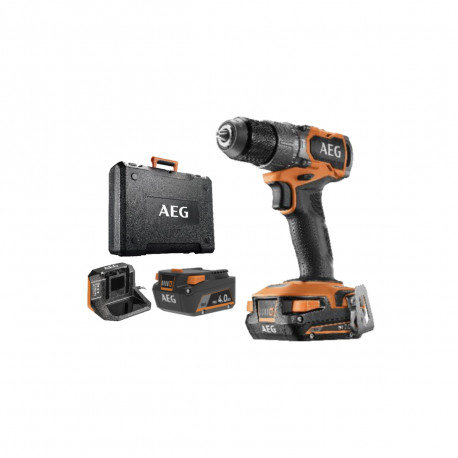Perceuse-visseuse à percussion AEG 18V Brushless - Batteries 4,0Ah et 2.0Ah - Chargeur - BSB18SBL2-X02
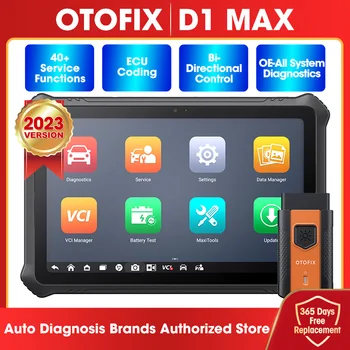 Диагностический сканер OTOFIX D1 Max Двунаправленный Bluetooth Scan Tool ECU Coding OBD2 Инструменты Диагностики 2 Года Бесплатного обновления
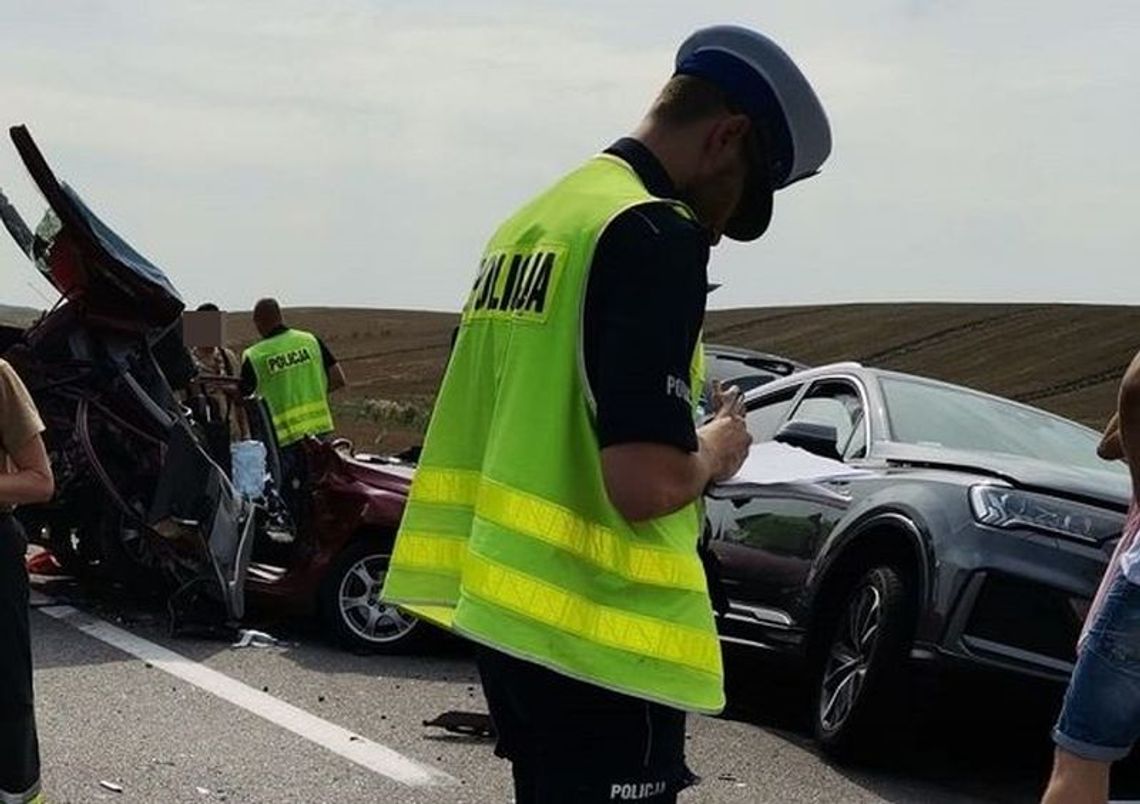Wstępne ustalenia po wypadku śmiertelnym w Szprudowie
--
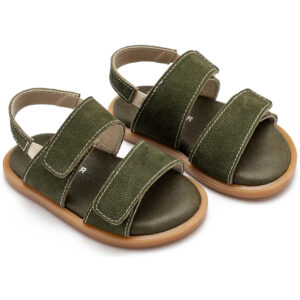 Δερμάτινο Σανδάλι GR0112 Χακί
---
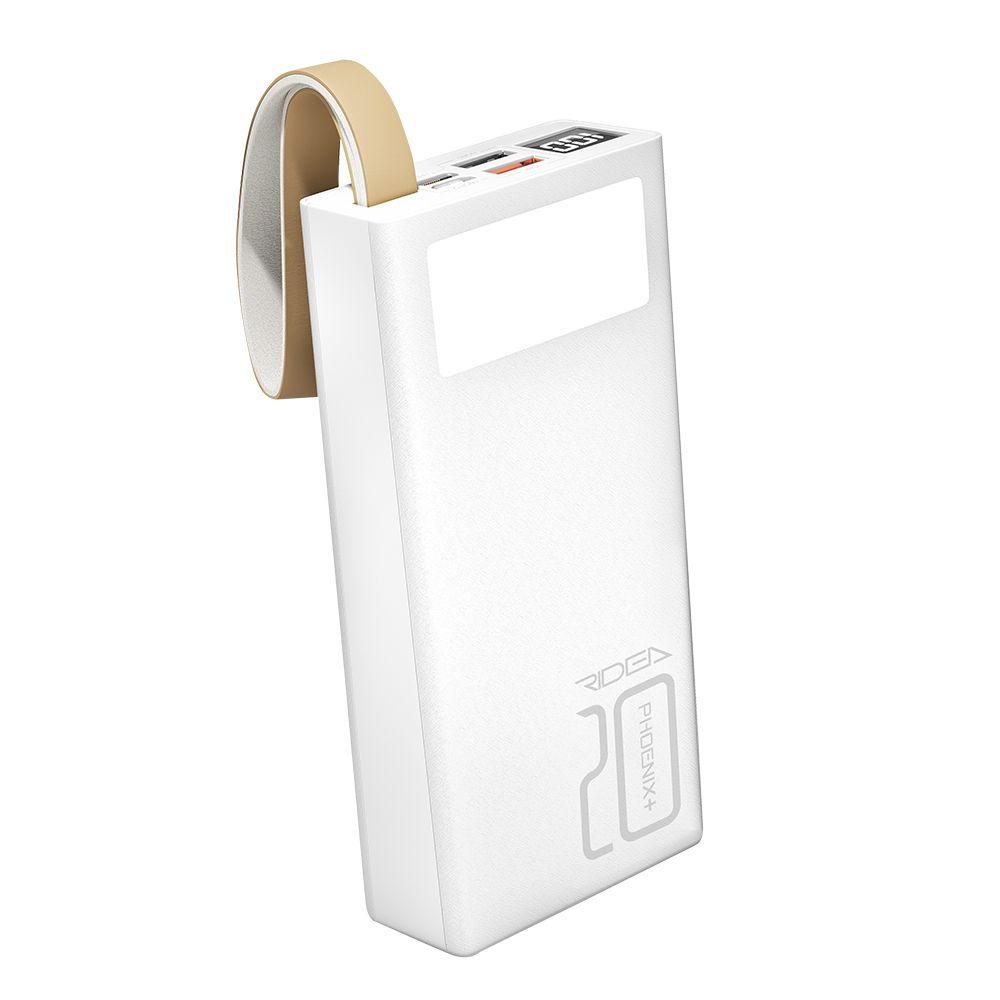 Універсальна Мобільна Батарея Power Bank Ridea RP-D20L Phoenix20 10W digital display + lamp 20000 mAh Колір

• _Exercise details_
Range to copy from the records above: the line containing "Диагностический сканер OTOFIX" to the line containing "Wstępne ustalenia po", both included. Output those lines exactly and only those, skipping pictures.

• _Response to this exercise_
 Диагностический сканер OTOFIX D1 Max Двунаправленный Bluetooth Scan Tool ECU Coding OBD2 Инструменты Диагностики 2 Года Бесплатного обновления
Wstępne ustalenia po wypadku śmiertelnym w Szprudowie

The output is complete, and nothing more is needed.